I love pictures. My pictures, my friends’ pictures, strangers pictures. Don’t be surprised if I come over to your house and start asking to see your photo albums. Maybe it seems intrusive, but I want to know about your life, who you are, where you’ve come from and what are the times/places that stick out to you as THOSE times. The ones that when you think about them, bring a tear to your eye and simultaneously put a smile on your face.

As I’ve started looking over Morocco pictures, there are certain moments that I can easily describe as the ones that shaped me. The ones that simultaneously make me think, “I can’t believe we did that!” and “I wouldn’t change a thing!” So I’ve decided to share some of those moments with you.

In our first year, I had a girl that helped me around my house who really just ended up being my first, real Moroccan friend. She was a GIFT to me in so many ways. She had just moved to the city from the village she grew up in and was eager to take us back there and introduce us to her family and see her previous life.

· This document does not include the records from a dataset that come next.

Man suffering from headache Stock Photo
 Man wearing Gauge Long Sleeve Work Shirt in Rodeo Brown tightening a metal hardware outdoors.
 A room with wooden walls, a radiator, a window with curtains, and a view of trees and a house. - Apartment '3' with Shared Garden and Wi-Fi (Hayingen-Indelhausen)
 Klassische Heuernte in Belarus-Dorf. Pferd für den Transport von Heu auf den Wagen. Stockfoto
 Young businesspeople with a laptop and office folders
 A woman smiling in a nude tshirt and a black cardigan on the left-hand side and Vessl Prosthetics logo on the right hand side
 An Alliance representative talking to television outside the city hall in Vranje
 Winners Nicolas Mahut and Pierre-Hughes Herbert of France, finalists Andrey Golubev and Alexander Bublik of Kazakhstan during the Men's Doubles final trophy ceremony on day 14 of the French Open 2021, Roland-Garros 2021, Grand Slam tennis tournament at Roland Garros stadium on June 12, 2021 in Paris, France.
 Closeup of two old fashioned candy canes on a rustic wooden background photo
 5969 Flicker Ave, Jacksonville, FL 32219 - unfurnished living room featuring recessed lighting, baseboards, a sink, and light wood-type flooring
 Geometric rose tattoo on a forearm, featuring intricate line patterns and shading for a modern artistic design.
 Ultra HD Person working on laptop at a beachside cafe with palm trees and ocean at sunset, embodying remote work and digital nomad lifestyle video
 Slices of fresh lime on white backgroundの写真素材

To say I was hesitant was an understatement. I was 7 months pregnant and also had a 3 year old and an 18 month old. Since we didn’t have a car, it meant grabbing a taxi to the bus station, and then waiting around until there were enough people (or really whenever they wanted) to leave for the 2 hour trek into the mountains. (Thankfully, I was not alone. It was our family, plus my, also pregnant, SANITY SAVER Charissa and her husband.) We didn’t arrive until later in the evening, and the bus didn’t go all the way into the village – just to the bigger town. So after the bus, we flagged down a grand taxi to take us to the end of their dirt road. At this point, it’s completely dark and we are this rag tag group of foreigners in the middle of this village, just waiting for a little bit of direction. It was the point of no return when our friend’s sister came down the road with her donkey to carry our stuff. Let me just paint this picture for you. We are 2 husbands, 2 pregnant wives, 2 little kids, a donkey, and 2 local friends hiking in the PITCH BLACK up and down a dirt road that eventually leads to her house on the top of a hill. It’s about this time I’m thinking, “Hmmmm..this is a bad idea. What was I thinking?”.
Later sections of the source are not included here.